To najważniejsza rada! Wydaje się to bardzo proste, lecz w praktyce sprawia czasami bardzo duży kłopot. Pamiętaj, że najważniejsze jest otwarcie się na rozmówcę. Mów, co przychodzi ci do głowy. Wyrzucaj z siebie słowa. Gramatyka nie jest ważna. Zdziwisz się jak łatwo jest dogadać się po angielsku. Nie powinniśmy obawiać się błędów. Prawda jest taka, że np. Amerykanie nie będą zwracać uwagi na błędy gramatyczne, dziwną wymowę , gdyż przywykli do tego. Dla Anglików zawsze będziemy kaleczyli język, ale zdają sobie sprawę z tego, że obcokrajowcy prawie nigdy nie będą mówili płynną brytyjską angielszczyzną. Tymczasem dla osób, dla których angielski jest drugim językiem nasza wypowiedź będzie całkowicie dopuszczalna, bo sami też uczą się języka i rozumieją, że chodzi przede wszystkim o komunikację, a nie zasady gramatyki. Gdy powiesz „I am scared to do mistake” zamiast „I’m afraid to make a mistake”, będzie to rażący błąd, ale każdy cię zrozumie, a o to przecież chodzi? Z czasem tych błędów będzie coraz mniej.

2. Myśl po angielsku

Dla początkujących wydaje się to niemożliwe, ale nie jest to takie trudne — zwłaszcza, gdy otaczamy się językiem i przestawimy mózg w „tryb angielski”. Często powodem zablokowania podczas rozmowy jest to, że szukasz tłumaczenia jakiegoś polskiego zwrotu czy słowa.

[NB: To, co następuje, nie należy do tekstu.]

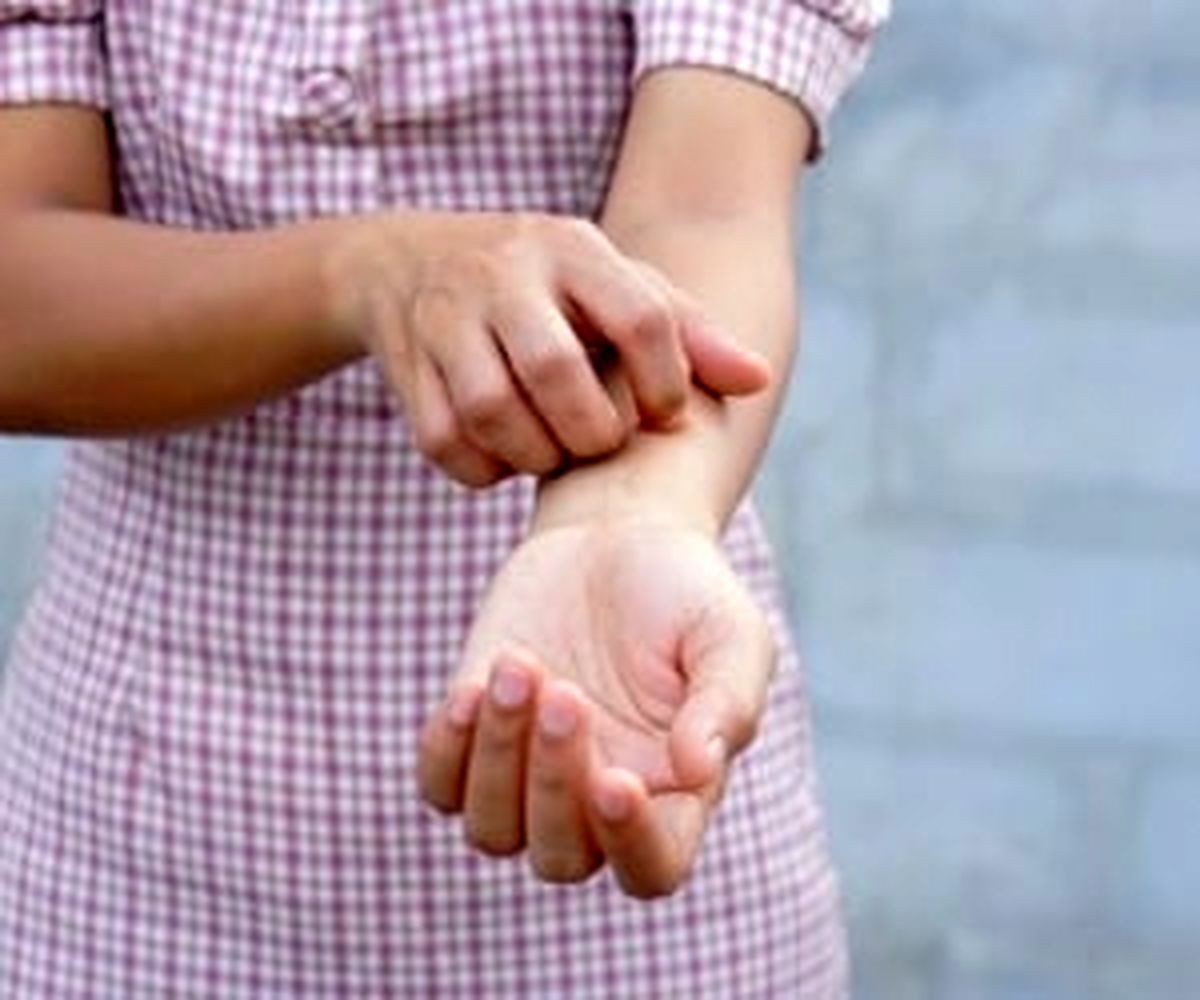 چه نوع خارش پوستی می تواند نشانه ام اس باشد؟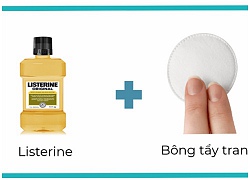 Bật mí mẹo trị gàu đơn giản mà hiệu quả với nước súc miệng listerine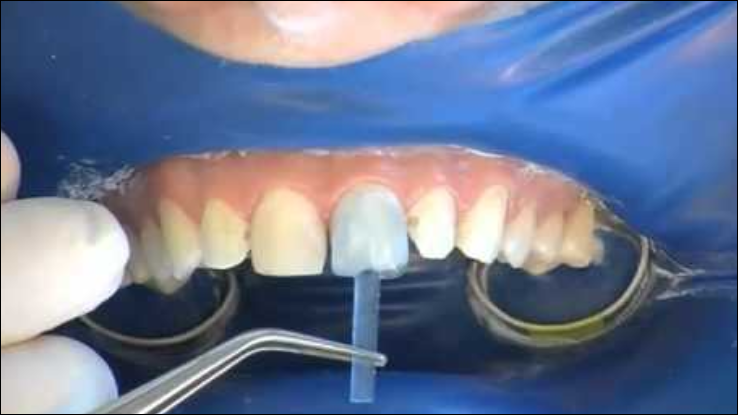 Coltene: Dank Zukäufen Umsatz 2018 um über ein Fünftel gesteigert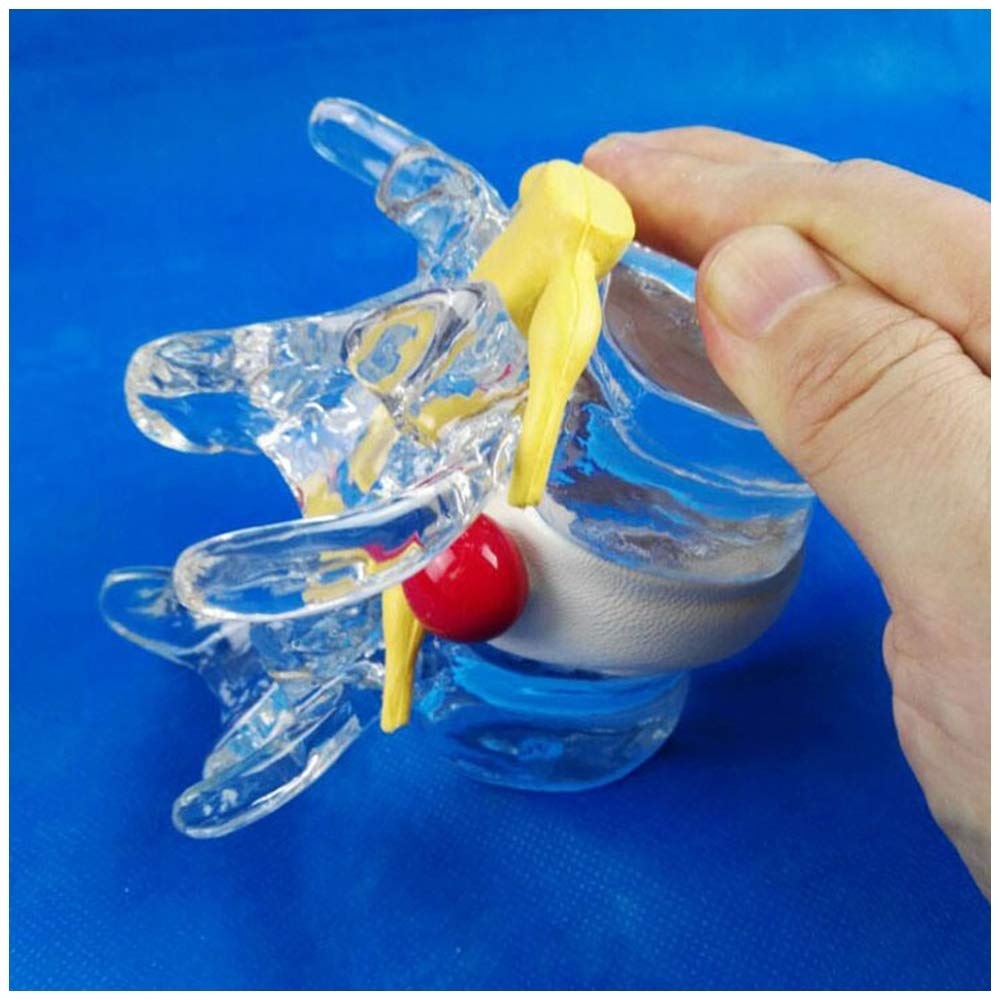 sjdoPulse Spinal And Spinal Cord Extrusion Model - Medical Anatomical Human Spine Model Medical Teaching Model Demonstration Model - for Medical Educational Traning Aid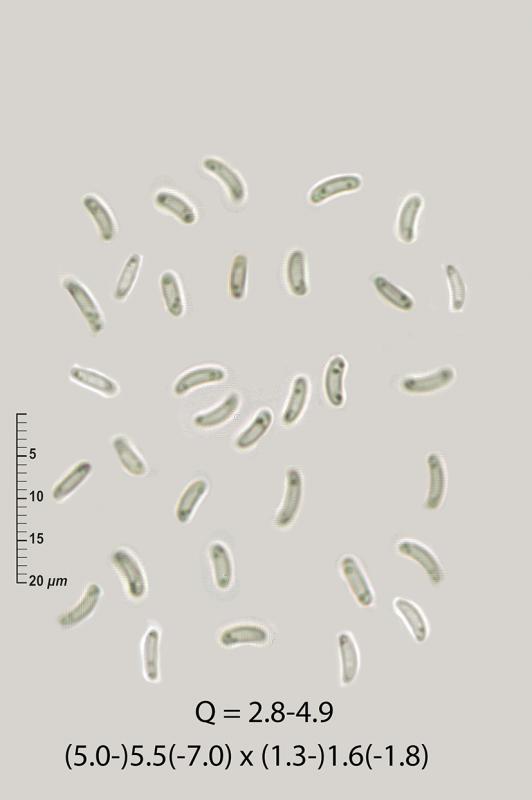 macrostoma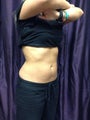 Coolsculpting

Myśląc po angielsku korzystasz tylko z posiadanego słownictwa i znanych zwrotów, więc wszystko przychodzi samo.

3. Otaczaj się językiem

- Codziennie czytaj po angielsku. Dzień możesz rozpocząć od przeczytania najważniejszych wiadomości na stronach BBC, plotek lub wiadomości sportowych w serwisie The Sun — zawsze możesz znaleźć coś, co cię interesuje.

- Słuchaj angielskiego radia przez Internet. Nie musisz się wsłuchiwać w słówka, ale uwierz mi, to że przez rok słuchasz rano wiadomości po angielsku poprawi niesamowicie twoje zrozumienie języka i zasób słownictwa. Polecam zwłaszcza brytyjskie programy śniadaniowe — stosowane jest tam żywe słownictwo i naturalne zwroty. Popularne stacje to np. BBC 1 i Capital FM.

- Oglądaj filmy i seriale w oryginale. Bardzo skuteczny sposób nauki. W początkowej fazie możesz włączyć angielskie podpisy – dostępne na płytach DVD i w telewizji cyfrowej. Nie stresuj się, że nie rozumiesz części albo nawet większości dialogów. Rozluźnij się, a z czasem samo to przyjdzie.

- Czytaj książki. Tak samo, nie musisz rozumieć każdego słowa. Czytaj szybko i staraj się zgadywać znaczenie słów i zdań z kontekstu.

4. Dużo mów

Mówienie jest najbardziej podstawową funkcją języka. W szkole zostało zepchnięte na dalsze miejsce przez gramatykę, wyuczone sztuczne dialogi, wypracowania, testy. Zapomnij o tym wszystkim i mów, mów, mów. Konwersacje, dyskusje, żarliwe debaty — gdy mówisz o tym, co cię interesuje, zapominasz, że mówisz w innym języku i nagle wszystko staje się proste...

5. Don’t stop

Stały kontakt z językiem to podstawa. Rób coś każdego dnia. Obejrzyj film na YouTube, sprawdź tekst ulubionej piosenki, przeczytaj artykuł, napisz e-mail do znajomego. Metodą małych kroków osiągniesz cel, którym jest doskonała znajomość angielskiego.

Kiedy już nauczysz się mówić, nabierzesz wielkiej pewności siebie, angielski będzie wydawał się banalnie prosty. Wtedy możesz rozszerzać specjalistyczne słownictwo, poznawać czasy gramatyczne, o których nie słyszał żaden Amerykanin, pisać zadania domowe bratu-gimnazjaliście, ale przede wszystkim będziesz potrafić skutecznie komunikować się na całym świecie!